Jerécuaro is a Mexican city (and municipality) located in the lowlands of the state of Guanajuato. The municipality has an area of 828.3 square kilometres (2.7% of the surface of the state) and is bordered to the north by Apaseo el Alto, to the east by Coroneo and the state of Querétaro, to the south by Tarandacuao, to the southwest with Acámbaro, and to the northwest with Tarimoro.  The municipality had 55,311 inhabitants according to the 2005 census. The municipal president of Jerécuaro and its many smaller outlying communities is C.Jaime García Cardona.

Jerécuaro Township is located south of the state of Guanajuato. Its boundaries are defined as follows:

North : Apaseo el Alto
South : Tarandacuao
East: Coroneo
West: Tarimoro
Northwest: Tarimoro
Northeast : Querétaro 
Southwest: Acambaro
Southeast: Michoacán
Jerécuaro is connected to major cities of the entity that will provide optimal geographic location for business and tourist activities.

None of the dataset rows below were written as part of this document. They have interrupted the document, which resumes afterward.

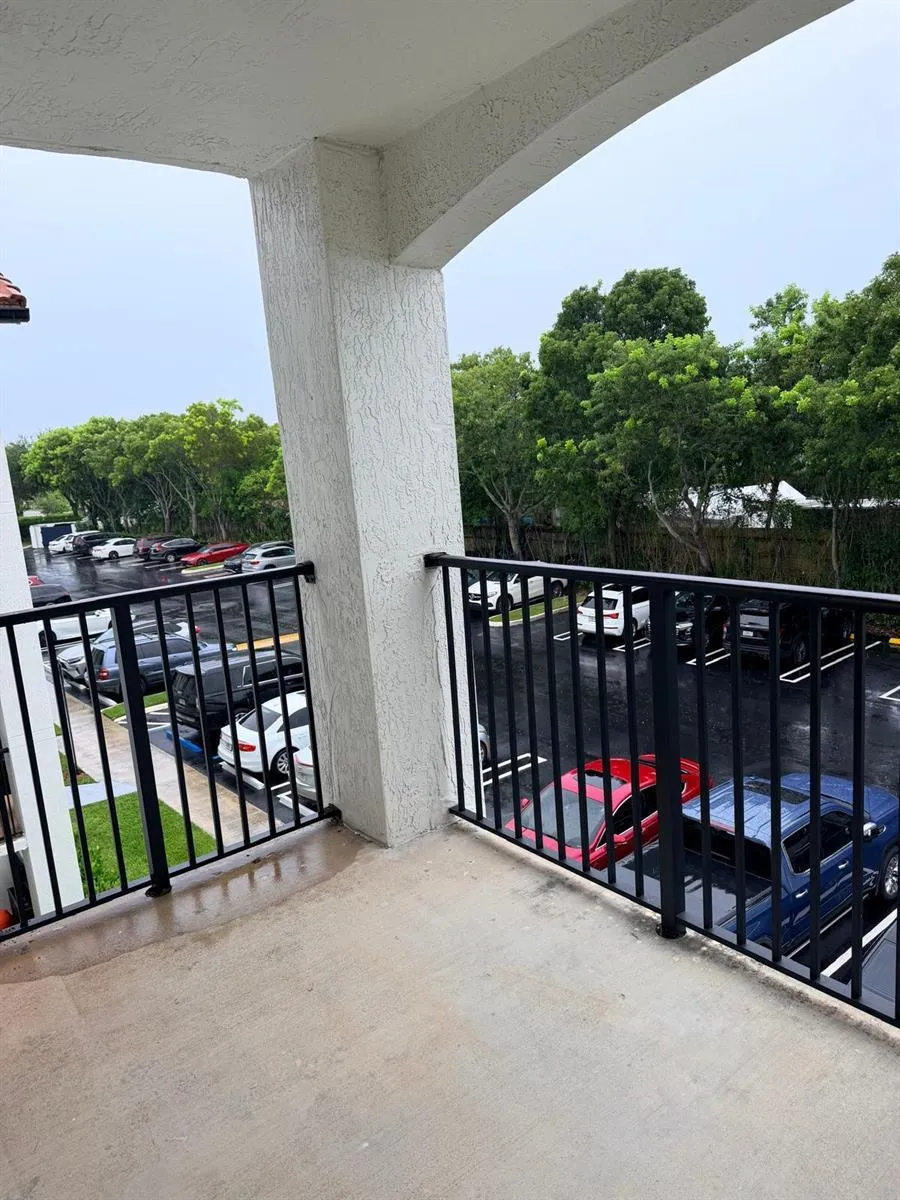 819 VILLA CIRCLE Boynton Beach, FL 33435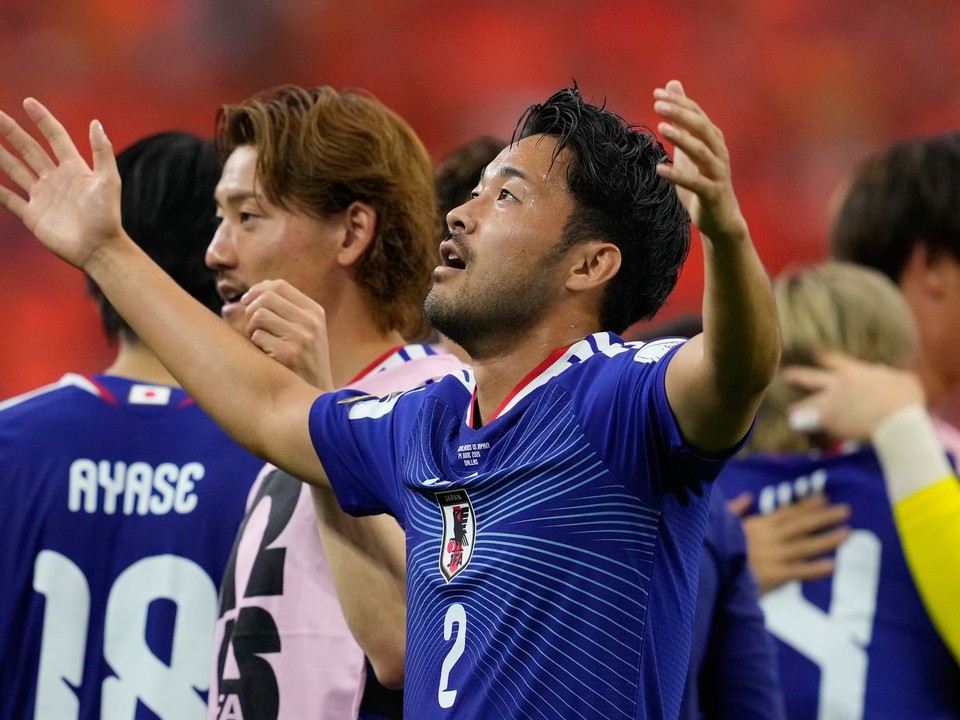 Futbalisti Japonska oslavujú gól.
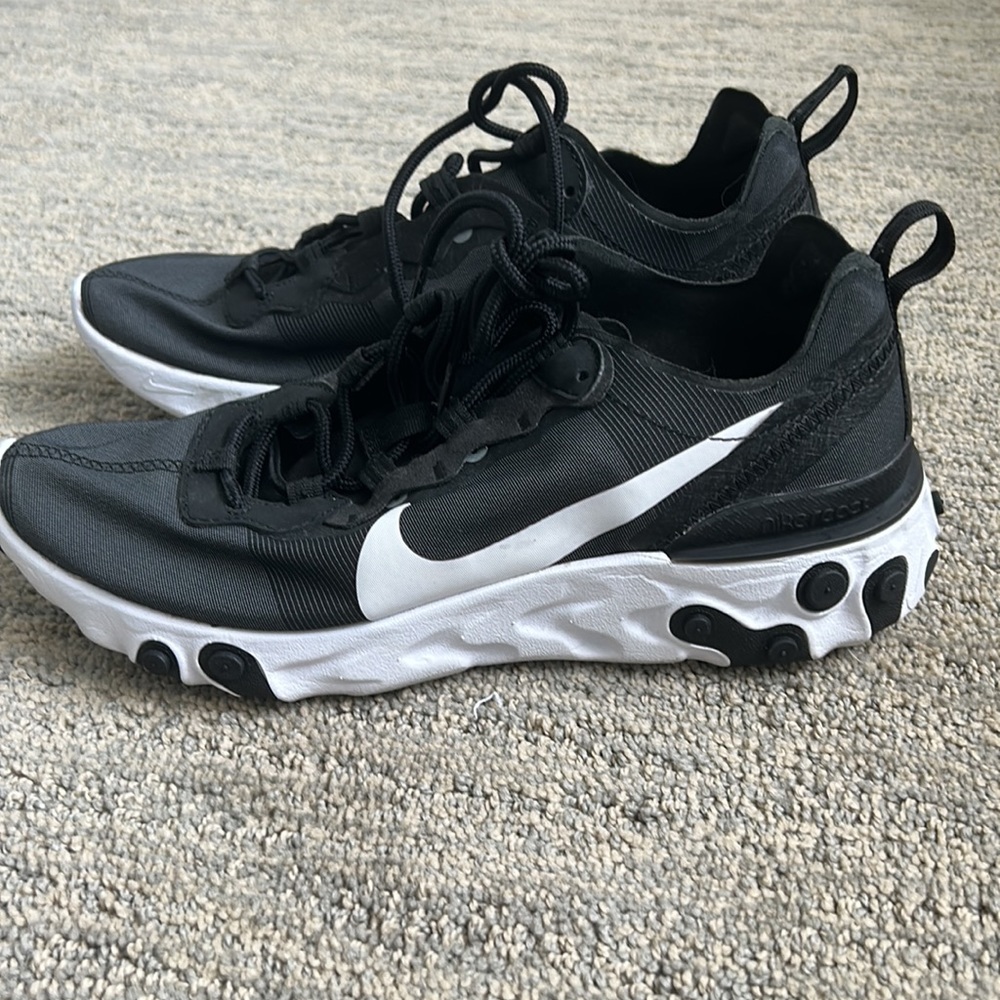 Nike React Element 55 sneakers. 6.5men/8 women.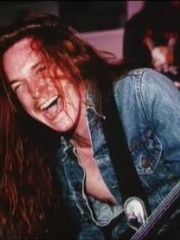 Photo of Cliff Burton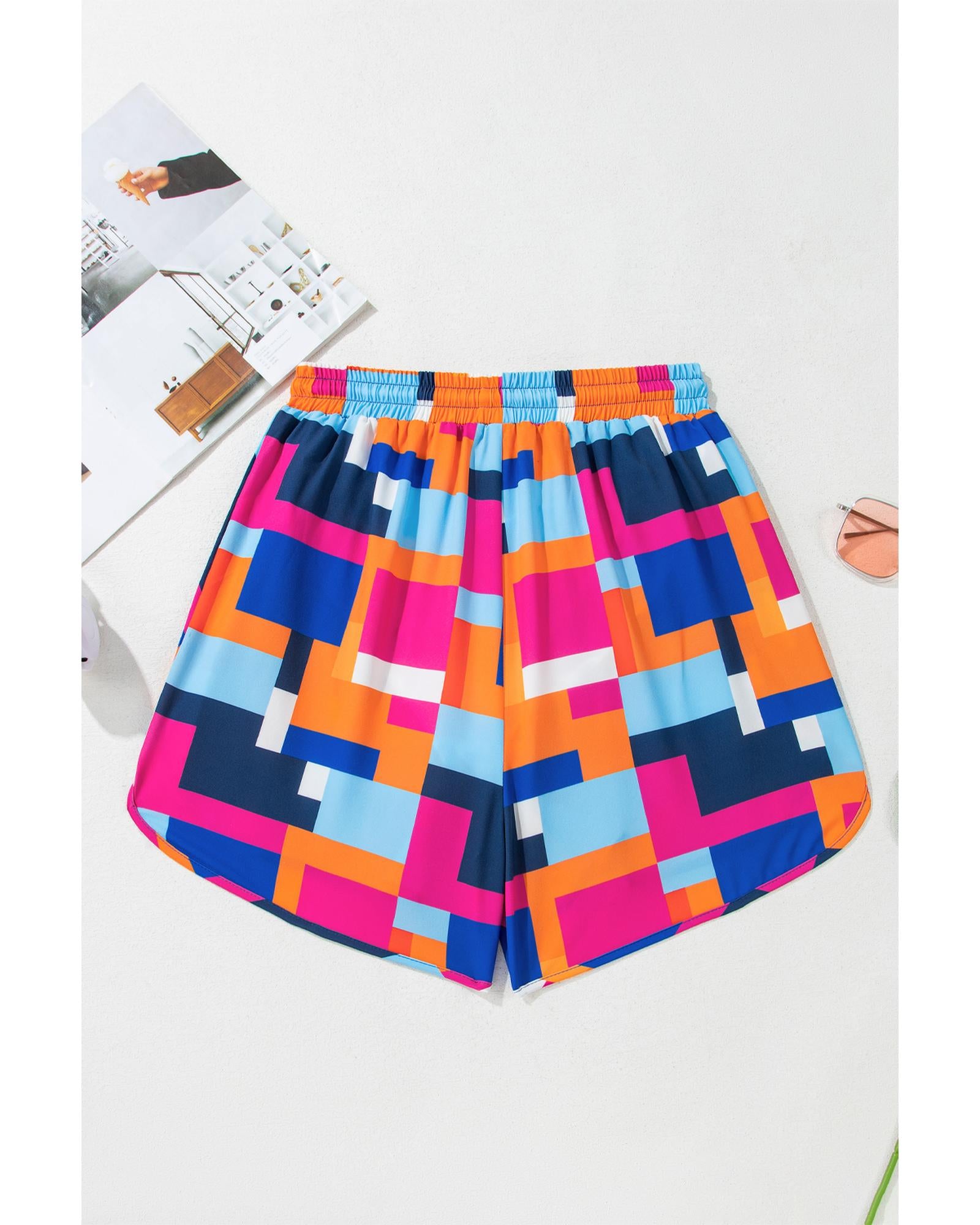 Rose Geometric Printed Drawstring Waist Beach Shorts with Pockets - M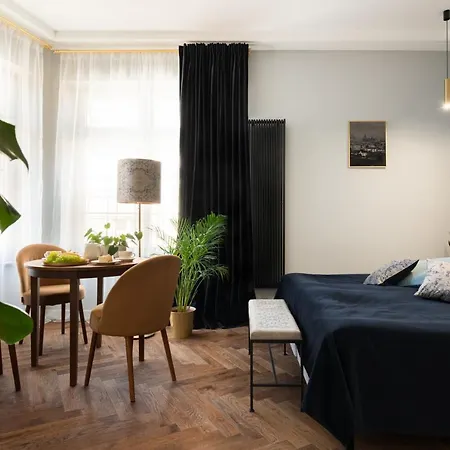 Aparthotel Starowislna 77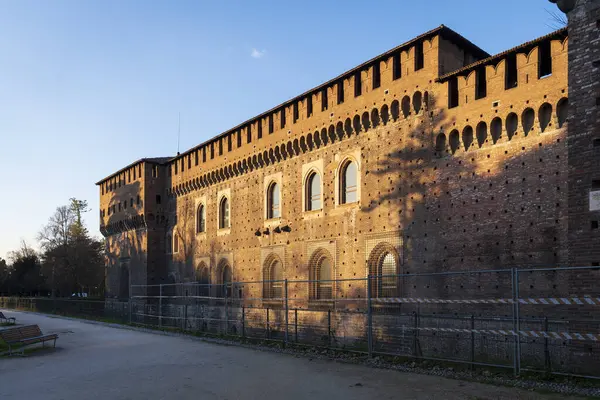 Gün batımındaki Sforza kalesinin güzel manzarası, Milan, İtalya.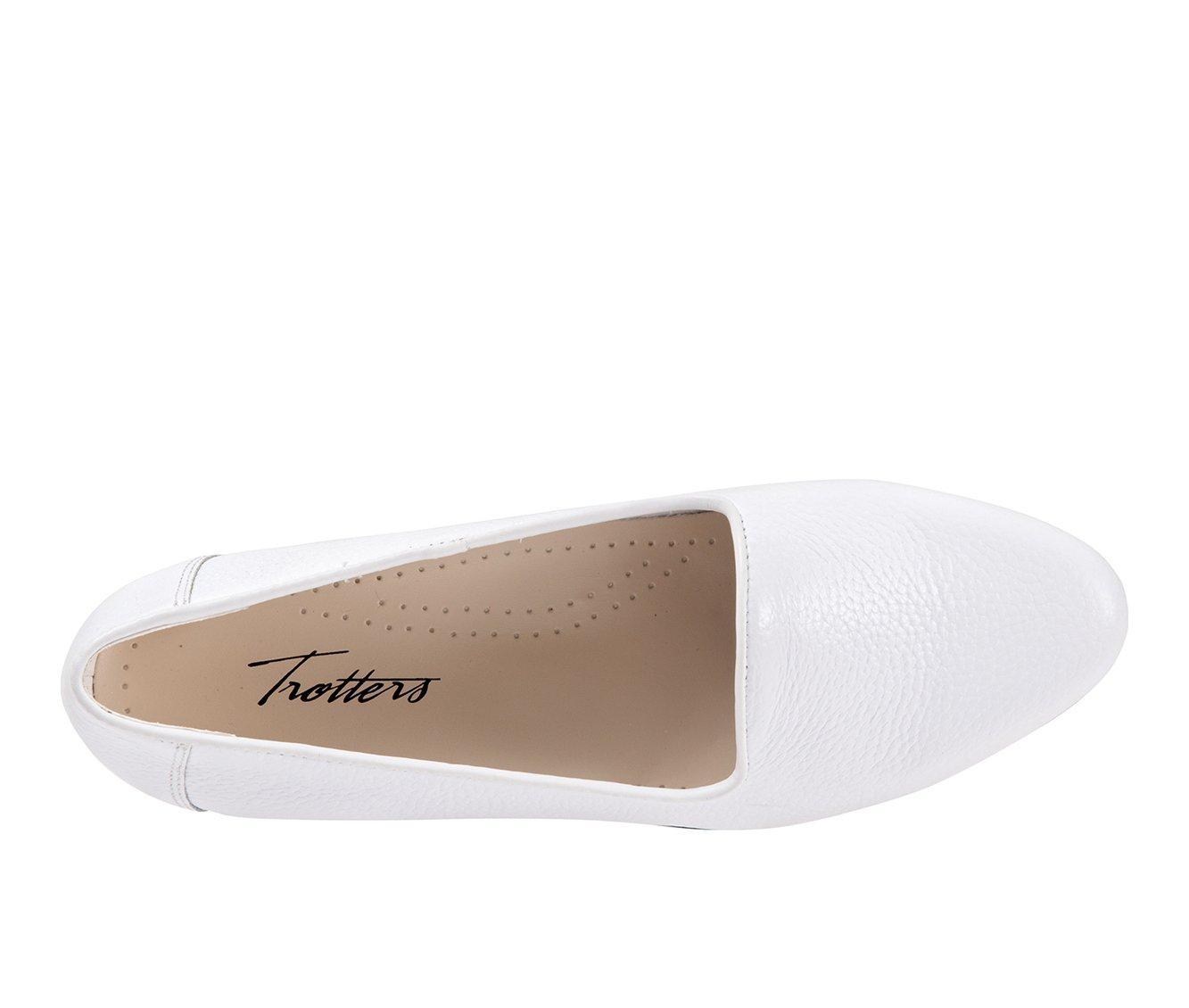 Women's Trotters Liz Tumbled Flats Product Image
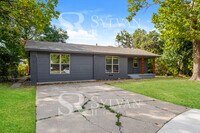 Building Photo - Coming HOME never felt so good!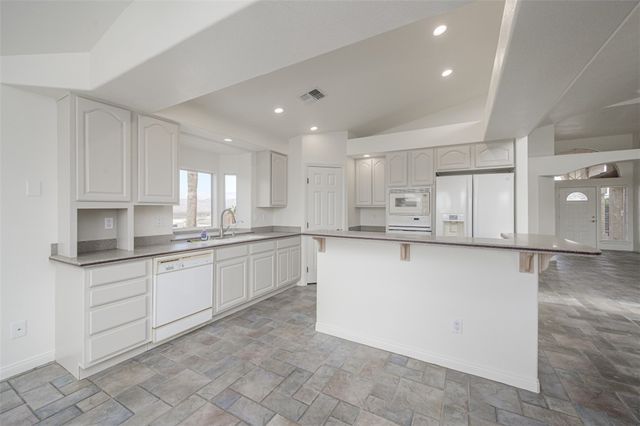 2076 Jo Ann Avenue, Bullhead City, AZ 86442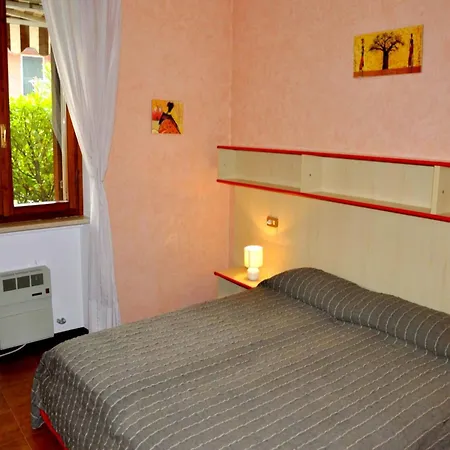 Casa vacanze Enticing In With Swimming Pool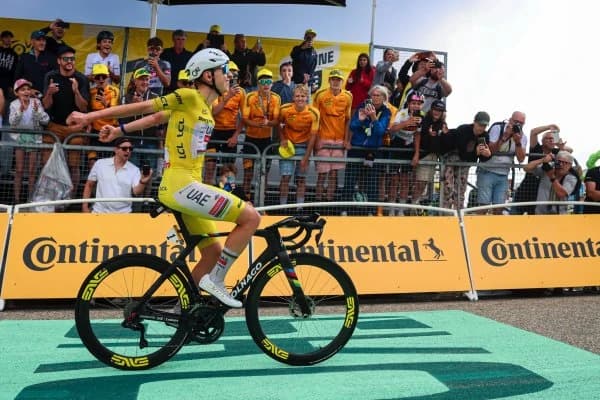 Ciclism: Pogacar şi Vingegaard, treziţi în plină noapte pentru un control antidoping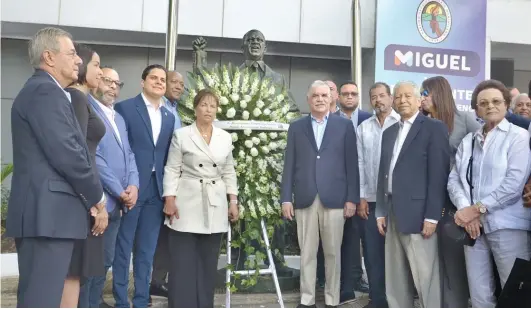  ?? FÉLIX DE LA CRUZ ?? El Partido Revolucion­ario Dominicano (PRD) rindió honores a la máxima figura de la organizaci­ón política.
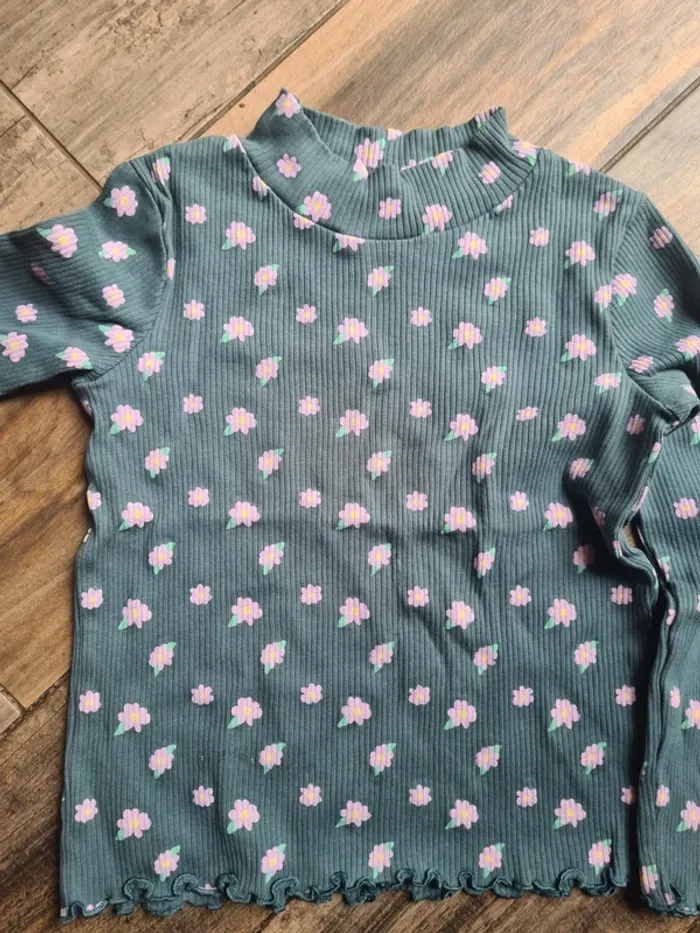 Lot 2 tee shirts 5 ans kiabi - photo numéro 3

The various roads to cities of great importance to the municipality placed in a prime strategic location for investment:

Communities

History 
The origin of this community is pre-Hispanic, but was subjected to the Spanish Crown evangelized by the Indian chief Nicolas San Luis Montañés. Its legal foundation dates from 1572, under the administration of Bishop Fray Juan Medina Rincón, who erected the parish along the lines of what was done elsewhere Father Vasco de Quiroga. It was called San Miguel Jerécuaro in a file consisting of 1852 we realize that the municipality had that name. Jerécuaro, meaning “Place like home”. In 1910, at the time of the Revolution, the city was the seat of several revolutionary groups and federal troops of the Diaz government. In 1928, at the time of the Cristero uprising, was stationed an infantry battalion of the federal army, in a building located on the street that carries the name of Fray Angel Juárez. In the contours of the population many battles were staged. The city of Jerécuaro and Guadalupe Sanctuary at  El Calvario (Calvary).

In 1910, at the time of the Revolution, the city was the seat of several revolutionary groups and federal troops of the Diaz's government. In 1928, at the time of the Cristero uprising, was stationed an infantry battalion of the federal army, in a building located on the street that carries the name of Fray Angel Juárez. In the contours of the population many battles were staged.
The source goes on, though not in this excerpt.